# GOAL OF THE EXERCISE
In the listing below, find each line that holds the string "from" and copy it.
----
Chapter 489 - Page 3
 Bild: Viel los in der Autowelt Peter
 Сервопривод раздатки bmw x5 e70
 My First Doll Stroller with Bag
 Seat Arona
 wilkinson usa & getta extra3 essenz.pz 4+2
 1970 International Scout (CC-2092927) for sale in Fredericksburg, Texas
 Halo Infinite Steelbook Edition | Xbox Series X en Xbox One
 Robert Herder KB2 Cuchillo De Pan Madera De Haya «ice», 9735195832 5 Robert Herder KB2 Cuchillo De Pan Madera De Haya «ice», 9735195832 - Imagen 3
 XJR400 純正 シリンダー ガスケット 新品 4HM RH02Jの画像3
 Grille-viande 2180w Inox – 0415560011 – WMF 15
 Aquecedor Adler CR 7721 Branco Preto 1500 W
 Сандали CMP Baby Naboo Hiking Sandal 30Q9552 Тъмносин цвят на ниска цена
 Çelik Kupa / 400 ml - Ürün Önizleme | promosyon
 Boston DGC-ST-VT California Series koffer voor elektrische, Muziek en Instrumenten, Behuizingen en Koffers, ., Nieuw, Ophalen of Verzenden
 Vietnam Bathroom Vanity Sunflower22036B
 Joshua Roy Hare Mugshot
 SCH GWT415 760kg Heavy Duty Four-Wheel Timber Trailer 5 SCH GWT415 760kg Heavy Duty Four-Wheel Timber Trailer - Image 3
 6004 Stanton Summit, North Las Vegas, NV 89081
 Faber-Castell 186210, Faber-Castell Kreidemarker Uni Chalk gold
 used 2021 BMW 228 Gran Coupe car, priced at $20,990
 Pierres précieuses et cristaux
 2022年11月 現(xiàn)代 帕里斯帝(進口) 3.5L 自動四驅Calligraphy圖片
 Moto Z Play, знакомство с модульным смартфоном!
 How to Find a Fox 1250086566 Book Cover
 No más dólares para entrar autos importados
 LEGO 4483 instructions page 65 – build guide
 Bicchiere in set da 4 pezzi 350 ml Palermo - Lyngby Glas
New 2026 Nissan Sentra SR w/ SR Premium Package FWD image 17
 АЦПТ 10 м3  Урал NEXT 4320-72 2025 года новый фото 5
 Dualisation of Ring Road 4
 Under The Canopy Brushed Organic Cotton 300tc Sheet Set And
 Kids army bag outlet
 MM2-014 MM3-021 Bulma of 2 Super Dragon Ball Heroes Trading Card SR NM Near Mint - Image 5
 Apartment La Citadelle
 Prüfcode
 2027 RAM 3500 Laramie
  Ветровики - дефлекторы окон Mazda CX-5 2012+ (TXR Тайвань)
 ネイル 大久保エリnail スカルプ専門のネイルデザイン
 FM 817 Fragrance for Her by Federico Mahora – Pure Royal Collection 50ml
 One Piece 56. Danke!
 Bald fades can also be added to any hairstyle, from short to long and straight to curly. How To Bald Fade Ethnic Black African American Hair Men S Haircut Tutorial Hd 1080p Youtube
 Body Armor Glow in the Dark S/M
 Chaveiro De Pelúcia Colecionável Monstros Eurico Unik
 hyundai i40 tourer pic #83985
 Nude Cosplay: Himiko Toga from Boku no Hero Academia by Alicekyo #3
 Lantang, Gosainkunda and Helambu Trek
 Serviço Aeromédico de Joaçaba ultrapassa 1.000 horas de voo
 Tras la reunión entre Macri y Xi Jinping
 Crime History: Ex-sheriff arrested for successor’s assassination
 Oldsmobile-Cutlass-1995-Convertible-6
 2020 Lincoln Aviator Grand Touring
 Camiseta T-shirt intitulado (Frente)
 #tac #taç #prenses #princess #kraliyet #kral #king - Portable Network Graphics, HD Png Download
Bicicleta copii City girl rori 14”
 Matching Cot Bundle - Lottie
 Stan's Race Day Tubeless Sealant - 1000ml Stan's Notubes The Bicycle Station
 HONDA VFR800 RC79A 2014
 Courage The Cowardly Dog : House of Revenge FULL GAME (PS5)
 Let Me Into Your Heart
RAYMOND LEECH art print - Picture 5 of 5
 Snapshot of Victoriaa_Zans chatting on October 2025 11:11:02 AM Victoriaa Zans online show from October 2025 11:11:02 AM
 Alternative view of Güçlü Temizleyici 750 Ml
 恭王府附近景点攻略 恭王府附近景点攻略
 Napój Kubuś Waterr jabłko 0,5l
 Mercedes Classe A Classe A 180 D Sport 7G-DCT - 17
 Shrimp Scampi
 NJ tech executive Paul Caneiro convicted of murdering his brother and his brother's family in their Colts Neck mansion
----
# TASK RESULT
 Bald fades can also be added to any hairstyle, from short to long and straight to curly. How To Bald Fade Ethnic Black African American Hair Men S Haircut Tutorial Hd 1080p Youtube
 Nude Cosplay: Himiko Toga from Boku no Hero Academia by Alicekyo #3
 Snapshot of Victoriaa_Zans chatting on October 2025 11:11:02 AM Victoriaa Zans online show from October 2025 11:11:02 AM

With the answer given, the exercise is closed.